Hydro-Québec a porté un dur coup à l'auto électrique en 1995, en renonçant au moteur-roue. GM en a fait autant six ans plus tard, en abandonnant la EV-1. Est-ce que la crise financière retardera, à son tour, la révolution de l'auto électrique?

Les astres semblent en effet s'aligner en ce sens, car s'ajoutent au ralentissement économique la chute surprenante du prix du pétrole (exit l'engouement pour des véhicules peu énergivores) et les problèmes financiers des constructeurs automobiles américains (bonjour les retards dans les labos de la Volt de GM).

«L'industrie peine aujourd'hui à financer la transition vers l'auto électrique, a d'ailleurs reconnu jeudi le grand patron de Nissan Renault, Carlos Ghosn. Et cela ne touche pas que les trois grands fabricants américains. Les Européens aussi. Et les Japonais.»

Mais au fond, qui a dit que le virage de l'industrie doit absolument passer par les chaînes de montage de GM, de Ford, ou même de Toyota? Si elle venait plutôt de BYD, de Magna, de Tata,ou de ChangAn?

Pendant que Goliath est occupé à quêter à Washington, une multitude de David planchent en effet, aux quatre coins de la planète, sur le véhicule propre de demain. Ce qui explique que la plus puissante des autos électriques actuellement sur la route ne vient pas des grands de Detroit, mais d'une toute jeune entreprise de la Silicon Valley, Tesla Motors...

«Même si le marché de l'automobile est réputé difficile, il y a encore beaucoup de débouchés qui s'offrent aux petits acteurs de l'industrie et aux nombreuses jeunes entreprises émergentes», note d'ailleurs la firme Fleet Technology Partners, dans une étude menée pour le compte de Ressources naturelles Canada.
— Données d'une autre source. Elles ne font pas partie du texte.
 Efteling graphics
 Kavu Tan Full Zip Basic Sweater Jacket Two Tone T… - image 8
Voilà pourquoi l'investisseur américain Warren Buffett a récemment acquis 10 % du fabricant chinois de batteries BYD. Qu'Hydro-Québec envisage de s'impliquer à nouveau dans ce secteur. Et qu'Ottawa songe à épauler financièrement l'industrie émergente de l'auto électrique.
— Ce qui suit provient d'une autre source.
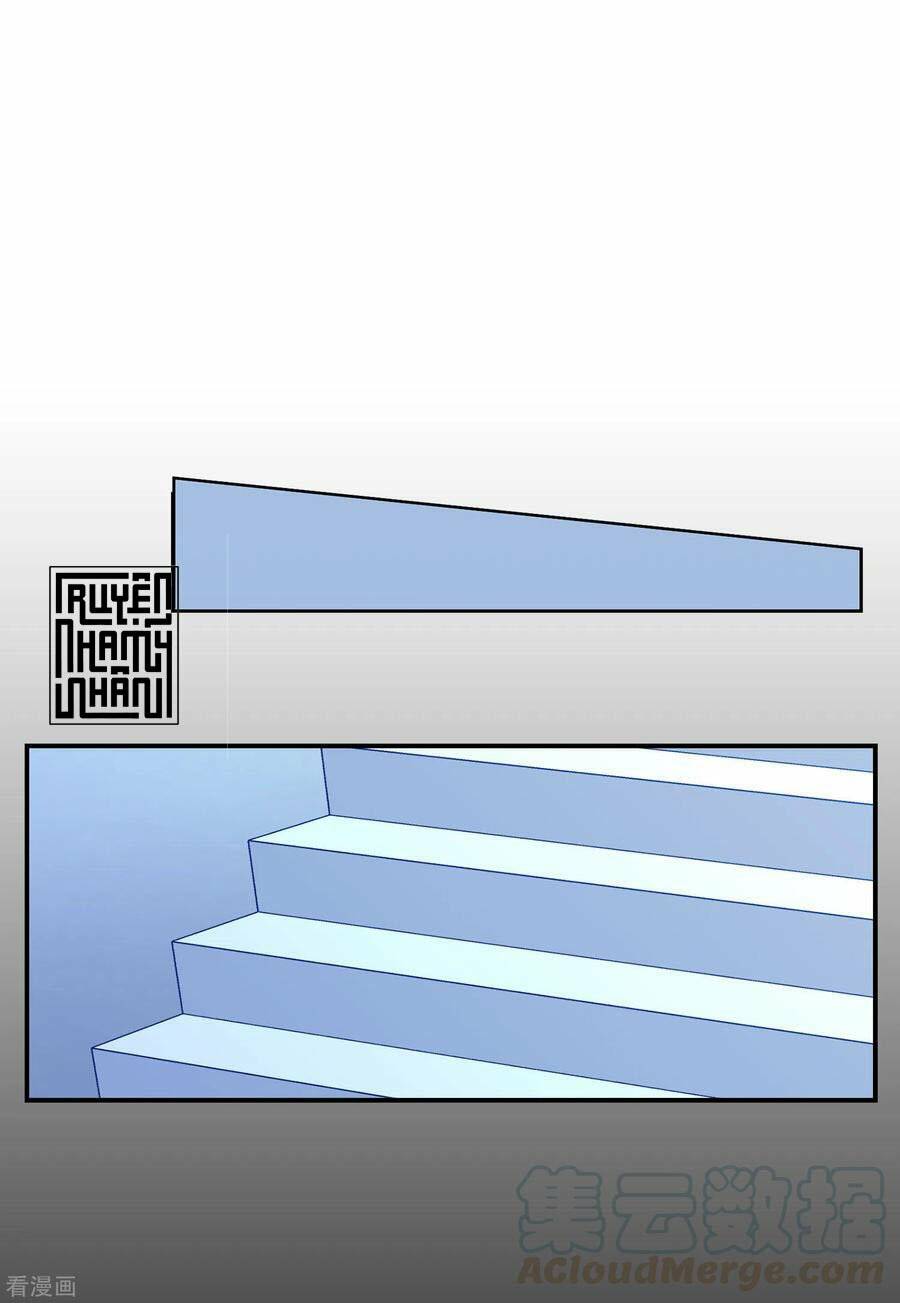 cô ấy đến rồi, xin nằm xuống! chapter 102 18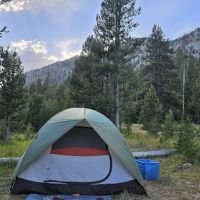 Alturas Inlet Campground ico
L'imminence d'une révolution se fait sentir, sinon celle d'un tournant majeur.

Le nombre d'entreprises engagées dans la course à l'auto électrique a en effet grimpé en flèche dans le monde depuis cinq ans, autant en Europe et aux États-Unis, qu'au Japon et en Corée. Même le Canada est dans le coup, avec de gros joueurs comme Electrovaya, Bathium et E-On. Le géant des pièces d'auto Magna a même promis un véhicule hybride branchable dès l'an prochain.

Mais le grand leader, celui qui pourrait bien mettre fin à la vision «Detroit-centriste» de l'industrie, c'est incontestablement la Chine, qui se promet bien de damer le pion aux Américains et aux Japonais cette fois. Plus de 300 entreprises sont impliquées, dont le constructeur ChangAn, qui pourrait vendre des autos électriques au pays dans les prochains mois.

«La Chine a entrepris de développer massivement les infrastructures relatives aux véhicules électriques et est en bonne voie de devenir le chef de fil mondial en ce qui a trait à cette technologie», précise Fleet Technology Partners.

En cessant d'innover et en anticipant maladroitement le marché, les grands constructeurs américains ont provoqué une crise qu'ils surmonteront après plusieurs années. Ironiquement, ces mêmes raisons pourraient aussitôt les replonger dans une autre crise, cette fois existentielle.